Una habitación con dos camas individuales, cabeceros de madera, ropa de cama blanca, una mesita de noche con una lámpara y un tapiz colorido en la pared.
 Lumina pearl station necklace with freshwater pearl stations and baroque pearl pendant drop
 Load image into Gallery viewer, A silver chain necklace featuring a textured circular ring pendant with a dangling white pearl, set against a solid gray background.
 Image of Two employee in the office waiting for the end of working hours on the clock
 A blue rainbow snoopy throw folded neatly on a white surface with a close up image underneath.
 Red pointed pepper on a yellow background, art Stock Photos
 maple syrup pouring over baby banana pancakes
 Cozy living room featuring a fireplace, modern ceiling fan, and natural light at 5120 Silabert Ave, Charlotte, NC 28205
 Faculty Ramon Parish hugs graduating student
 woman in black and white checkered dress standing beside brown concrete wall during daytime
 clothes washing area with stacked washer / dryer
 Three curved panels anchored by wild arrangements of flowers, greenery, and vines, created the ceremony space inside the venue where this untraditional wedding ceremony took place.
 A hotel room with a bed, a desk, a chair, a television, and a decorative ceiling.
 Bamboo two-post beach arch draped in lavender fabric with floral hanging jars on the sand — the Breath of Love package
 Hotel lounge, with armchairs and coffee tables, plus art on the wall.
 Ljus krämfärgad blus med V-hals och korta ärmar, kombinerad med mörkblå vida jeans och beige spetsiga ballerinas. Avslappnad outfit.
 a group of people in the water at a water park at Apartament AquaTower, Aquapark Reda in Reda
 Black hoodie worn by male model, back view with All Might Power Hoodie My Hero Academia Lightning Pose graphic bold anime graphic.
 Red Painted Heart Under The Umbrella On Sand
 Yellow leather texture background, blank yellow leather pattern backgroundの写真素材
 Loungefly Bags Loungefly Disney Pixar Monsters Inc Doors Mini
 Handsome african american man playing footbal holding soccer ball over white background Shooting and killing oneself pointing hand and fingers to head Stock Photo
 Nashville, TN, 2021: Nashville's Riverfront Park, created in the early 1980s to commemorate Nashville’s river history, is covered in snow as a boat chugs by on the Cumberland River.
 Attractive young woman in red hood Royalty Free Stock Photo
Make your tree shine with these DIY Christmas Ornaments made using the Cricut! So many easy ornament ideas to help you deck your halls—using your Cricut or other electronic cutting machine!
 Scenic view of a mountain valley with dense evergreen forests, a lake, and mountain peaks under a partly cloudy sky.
--------------------------------
WHAT IS EXPECTED:
Print the data above exactly as it was provided.

WRITTEN ANSWER:
Una habitación con dos camas individuales, cabeceros de madera, ropa de cama blanca, una mesita de noche con una lámpara y un tapiz colorido en la pared.
 Lumina pearl station necklace with freshwater pearl stations and baroque pearl pendant drop
 Load image into Gallery viewer, A silver chain necklace featuring a textured circular ring pendant with a dangling white pearl, set against a solid gray background.
 Image of Two employee in the office waiting for the end of working hours on the clock
 A blue rainbow snoopy throw folded neatly on a white surface with a close up image underneath.
 Red pointed pepper on a yellow background, art Stock Photos
 maple syrup pouring over baby banana pancakes
 Cozy living room featuring a fireplace, modern ceiling fan, and natural light at 5120 Silabert Ave, Charlotte, NC 28205
 Faculty Ramon Parish hugs graduating student
 woman in black and white checkered dress standing beside brown concrete wall during daytime
 clothes washing area with stacked washer / dryer
 Three curved panels anchored by wild arrangements of flowers, greenery, and vines, created the ceremony space inside the venue where this untraditional wedding ceremony took place.
 A hotel room with a bed, a desk, a chair, a television, and a decorative ceiling.
 Bamboo two-post beach arch draped in lavender fabric with floral hanging jars on the sand — the Breath of Love package
 Hotel lounge, with armchairs and coffee tables, plus art on the wall.
 Ljus krämfärgad blus med V-hals och korta ärmar, kombinerad med mörkblå vida jeans och beige spetsiga ballerinas. Avslappnad outfit.
 a group of people in the water at a water park at Apartament AquaTower, Aquapark Reda in Reda
 Black hoodie worn by male model, back view with All Might Power Hoodie My Hero Academia Lightning Pose graphic bold anime graphic.
 Red Painted Heart Under The Umbrella On Sand
 Yellow leather texture background, blank yellow leather pattern backgroundの写真素材
 Loungefly Bags Loungefly Disney Pixar Monsters Inc Doors Mini
 Handsome african american man playing footbal holding soccer ball over white background Shooting and killing oneself pointing hand and fingers to head Stock Photo
 Nashville, TN, 2021: Nashville's Riverfront Park, created in the early 1980s to commemorate Nashville’s river history, is covered in snow as a boat chugs by on the Cumberland River.
 Attractive young woman in red hood Royalty Free Stock Photo
Make your tree shine with these DIY Christmas Ornaments made using the Cricut! So many easy ornament ideas to help you deck your halls—using your Cricut or other electronic cutting machine!
 Scenic view of a mountain valley with dense evergreen forests, a lake, and mountain peaks under a partly cloudy sky.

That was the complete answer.